__EXCERPTED DATA__:

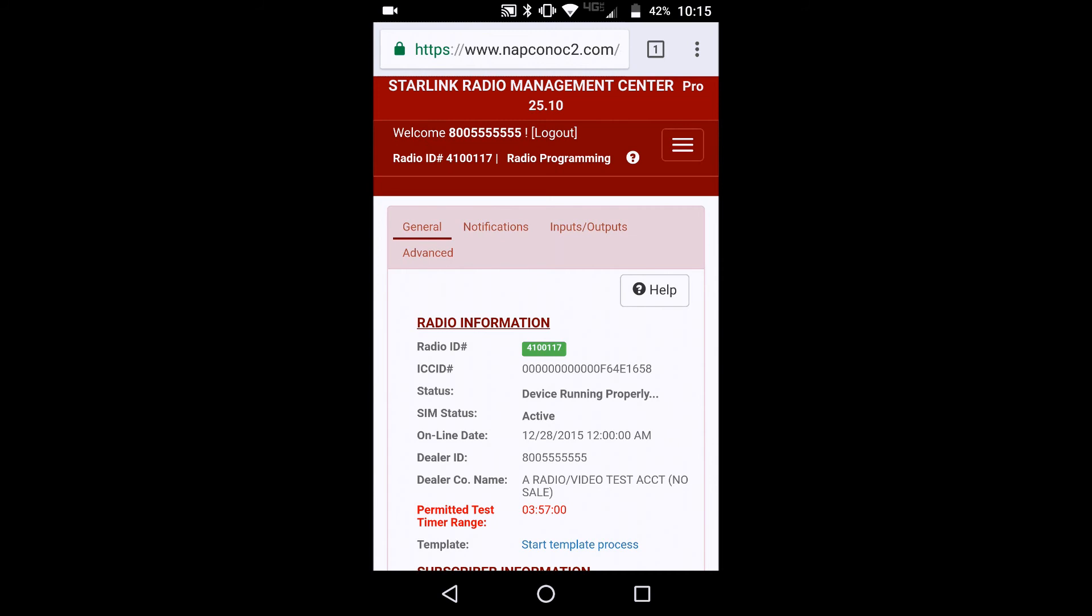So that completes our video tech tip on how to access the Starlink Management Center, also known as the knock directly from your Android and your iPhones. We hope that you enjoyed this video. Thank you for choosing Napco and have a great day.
---
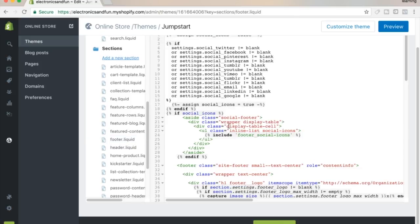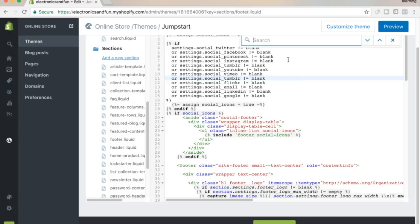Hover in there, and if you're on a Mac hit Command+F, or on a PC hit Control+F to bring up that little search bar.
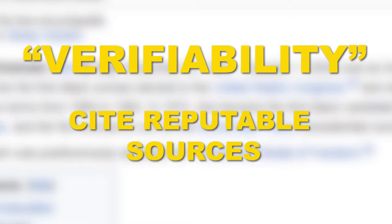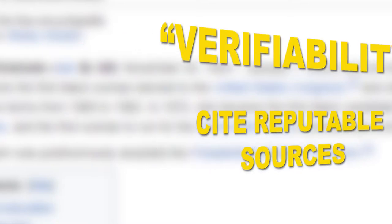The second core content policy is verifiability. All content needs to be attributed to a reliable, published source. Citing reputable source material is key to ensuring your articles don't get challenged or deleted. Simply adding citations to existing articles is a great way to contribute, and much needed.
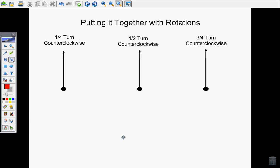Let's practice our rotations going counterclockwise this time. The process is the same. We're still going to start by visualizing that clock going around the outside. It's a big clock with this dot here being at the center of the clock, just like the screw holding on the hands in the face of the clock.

__ASSIGNED TASK__:
Copy exactly the lines of the listing above between the one holding "The second core" and the one holding "Let's practice our", inclusive; omit all pictures.

__RESPONSE TO THIS EXERCISE__:
The second core content policy is verifiability. All content needs to be attributed to a reliable, published source. Citing reputable source material is key to ensuring your articles don't get challenged or deleted. Simply adding citations to existing articles is a great way to contribute, and much needed.
Let's practice our rotations going counterclockwise this time. The process is the same. We're still going to start by visualizing that clock going around the outside. It's a big clock with this dot here being at the center of the clock, just like the screw holding on the hands in the face of the clock.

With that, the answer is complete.